• _Task goal_:
Pictures are not part of the answer. Return the lines from the one containing "甜熟交响 Sweet Sonata 商品图0" through the end of the data, both included, exactly as they appear.

• _Dataset extract_:

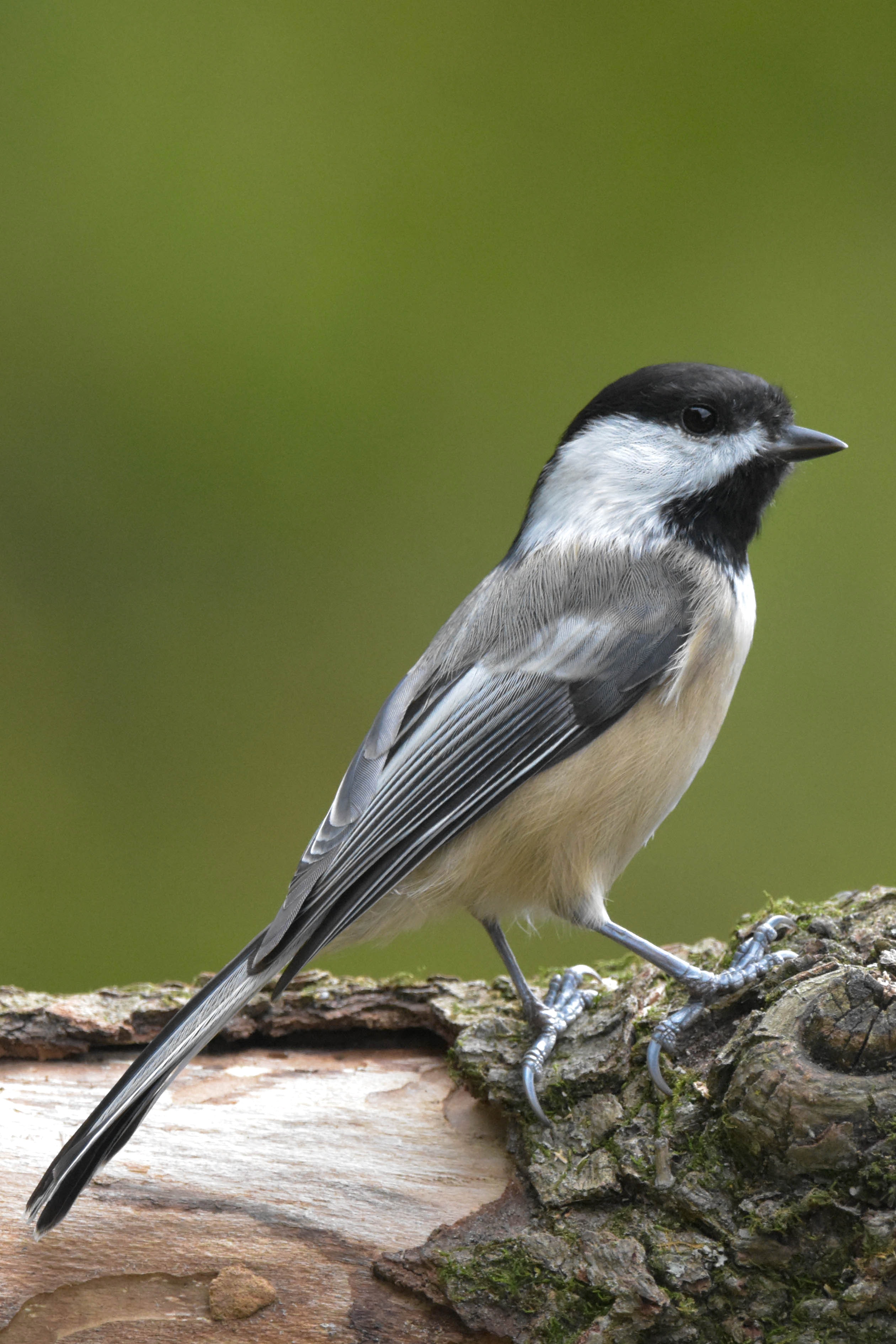 Chickadee Wallpapers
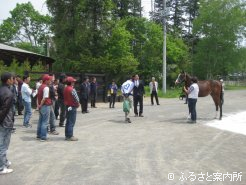 北島牧場で行われた1歳馬を用いての実習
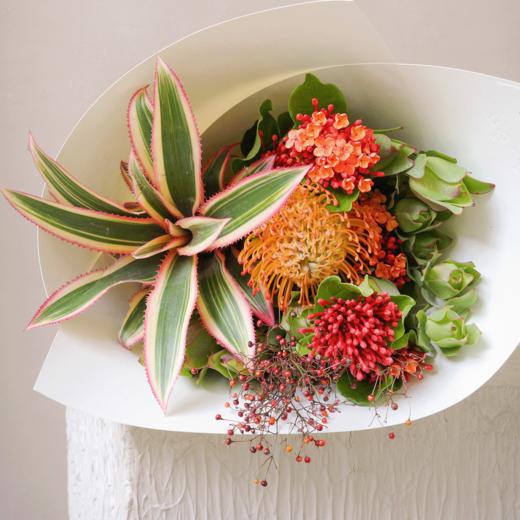 甜熟交响 Sweet Sonata 商品图0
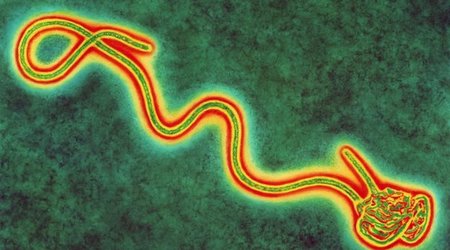 Ebola: Seventh British health worker sent home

• _Solution to this problem_:
 甜熟交响 Sweet Sonata 商品图0
 Ebola: Seventh British health worker sent home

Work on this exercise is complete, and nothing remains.